Isaiah the prophet warned, “If they speak not according to this word, it is because there is no light in them. (Isaiah 8:20).

The teachers fail the test.

-spiritual deception isn’t new;

-the Bible is enough;

Third, remember the Person of Jesus Christ is eternally divine.

Be alert to anything that diminishes His glory – His sacrifice – His resurrection – His coming to reign.  He is and always was, God the Son – who took on flesh for a purpose.

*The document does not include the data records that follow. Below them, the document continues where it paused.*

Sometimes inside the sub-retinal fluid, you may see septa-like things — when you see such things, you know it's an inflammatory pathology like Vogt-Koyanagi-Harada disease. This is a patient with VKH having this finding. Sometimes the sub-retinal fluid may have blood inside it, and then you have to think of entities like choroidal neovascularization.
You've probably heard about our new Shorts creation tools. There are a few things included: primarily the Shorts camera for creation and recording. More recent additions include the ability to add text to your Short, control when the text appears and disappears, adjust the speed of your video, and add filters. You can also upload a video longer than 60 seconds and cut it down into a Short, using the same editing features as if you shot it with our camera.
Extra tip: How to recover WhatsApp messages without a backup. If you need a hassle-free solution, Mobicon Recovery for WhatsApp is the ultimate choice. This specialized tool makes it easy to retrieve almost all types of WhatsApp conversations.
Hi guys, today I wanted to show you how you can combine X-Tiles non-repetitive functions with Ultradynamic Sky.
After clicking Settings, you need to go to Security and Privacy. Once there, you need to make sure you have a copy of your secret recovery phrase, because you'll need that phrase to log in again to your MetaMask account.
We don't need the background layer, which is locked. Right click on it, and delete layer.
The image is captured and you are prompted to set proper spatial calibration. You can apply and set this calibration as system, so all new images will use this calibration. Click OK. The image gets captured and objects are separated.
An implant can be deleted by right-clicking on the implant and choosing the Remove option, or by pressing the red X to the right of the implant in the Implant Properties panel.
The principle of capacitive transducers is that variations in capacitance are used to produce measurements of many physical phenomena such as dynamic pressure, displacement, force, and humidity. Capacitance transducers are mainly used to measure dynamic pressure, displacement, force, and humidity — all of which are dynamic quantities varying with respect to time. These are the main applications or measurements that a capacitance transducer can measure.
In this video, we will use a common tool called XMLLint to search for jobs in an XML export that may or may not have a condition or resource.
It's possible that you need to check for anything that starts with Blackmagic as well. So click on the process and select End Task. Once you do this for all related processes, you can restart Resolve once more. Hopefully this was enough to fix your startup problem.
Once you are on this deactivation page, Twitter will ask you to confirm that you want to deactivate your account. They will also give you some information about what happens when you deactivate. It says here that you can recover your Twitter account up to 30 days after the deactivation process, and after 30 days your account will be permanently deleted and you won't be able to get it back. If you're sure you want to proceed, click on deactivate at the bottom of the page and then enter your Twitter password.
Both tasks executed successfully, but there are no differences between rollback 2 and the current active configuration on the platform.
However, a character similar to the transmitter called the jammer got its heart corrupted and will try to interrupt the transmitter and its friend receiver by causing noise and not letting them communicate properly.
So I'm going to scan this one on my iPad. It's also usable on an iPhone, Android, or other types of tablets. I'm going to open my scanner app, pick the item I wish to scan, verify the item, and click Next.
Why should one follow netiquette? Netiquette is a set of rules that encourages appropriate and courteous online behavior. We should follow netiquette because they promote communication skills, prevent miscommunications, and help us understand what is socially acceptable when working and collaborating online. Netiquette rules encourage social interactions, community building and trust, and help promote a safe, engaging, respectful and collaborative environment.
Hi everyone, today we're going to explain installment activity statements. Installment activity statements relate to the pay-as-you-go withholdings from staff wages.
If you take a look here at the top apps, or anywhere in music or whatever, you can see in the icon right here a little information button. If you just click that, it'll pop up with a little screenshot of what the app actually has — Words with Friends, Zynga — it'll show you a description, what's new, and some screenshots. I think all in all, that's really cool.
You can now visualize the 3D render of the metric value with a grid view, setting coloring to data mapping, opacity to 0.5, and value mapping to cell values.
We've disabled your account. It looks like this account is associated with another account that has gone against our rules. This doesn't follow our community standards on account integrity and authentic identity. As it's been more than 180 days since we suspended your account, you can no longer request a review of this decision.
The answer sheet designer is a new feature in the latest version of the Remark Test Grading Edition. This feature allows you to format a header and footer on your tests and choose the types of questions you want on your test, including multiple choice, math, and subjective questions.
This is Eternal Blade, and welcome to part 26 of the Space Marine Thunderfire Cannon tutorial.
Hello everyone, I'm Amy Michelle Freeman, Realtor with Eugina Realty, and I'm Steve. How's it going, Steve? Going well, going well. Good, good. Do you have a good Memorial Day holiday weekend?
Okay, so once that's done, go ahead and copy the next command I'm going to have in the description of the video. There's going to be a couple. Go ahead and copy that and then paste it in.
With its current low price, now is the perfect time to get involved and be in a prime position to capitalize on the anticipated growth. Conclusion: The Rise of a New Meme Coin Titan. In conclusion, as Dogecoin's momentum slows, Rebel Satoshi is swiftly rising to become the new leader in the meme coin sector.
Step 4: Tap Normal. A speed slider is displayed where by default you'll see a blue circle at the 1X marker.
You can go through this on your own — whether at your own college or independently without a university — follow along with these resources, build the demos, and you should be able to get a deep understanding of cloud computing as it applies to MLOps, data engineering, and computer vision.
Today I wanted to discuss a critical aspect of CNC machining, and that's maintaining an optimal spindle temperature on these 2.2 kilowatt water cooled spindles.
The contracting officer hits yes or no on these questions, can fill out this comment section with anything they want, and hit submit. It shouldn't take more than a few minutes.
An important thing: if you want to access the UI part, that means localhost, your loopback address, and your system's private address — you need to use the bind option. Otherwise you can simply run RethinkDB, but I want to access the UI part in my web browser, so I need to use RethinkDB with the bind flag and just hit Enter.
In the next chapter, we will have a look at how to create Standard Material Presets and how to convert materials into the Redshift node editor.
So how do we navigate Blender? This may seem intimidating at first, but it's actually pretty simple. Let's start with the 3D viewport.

Dean Niferatos was riding the Number 22 CTA bus in Chicago. The bus was filled with dozing office workers, restless young people and affluent shoppers.  At the Clark and Webster stop, two men and a woman climbed in.  The driver, a seasoned veteran, immediately called out, “Everybody, watch your valuables – pickpockets are on board!”  Everybody woke up – everybody paid attention – men checked for their wallets, women clutched their purses.  All eyes, he wrote, were fixed on these three who, looking rather insulted and harassed, didn’t even break their stride as they promptly exited through the middle doors. / David Walls and Max Anders, Holman New Testament Commentary: I & II Peter, I, II, & III John, Jude (Holman, 1999), p. 213

So . . .

  • stay alert . . .
  • stay awake . . .
  • encourage each other . . .
  • boldly warn others of false teaching – they’ve come to steal away truths that matter . . .
  • they’ve come to take what they can get and leave you with nothing but trouble and grief;
  • stay in the word . . . and don’t follow those who stray keep you away from it . . .
  • and above all, keep your eyes on Jesus – exalt Jesus – follow Jesus Christ – surrender to God the Son your Savior . . . keep your eyes on our Lord Jesus who is the author and finisher of the faith.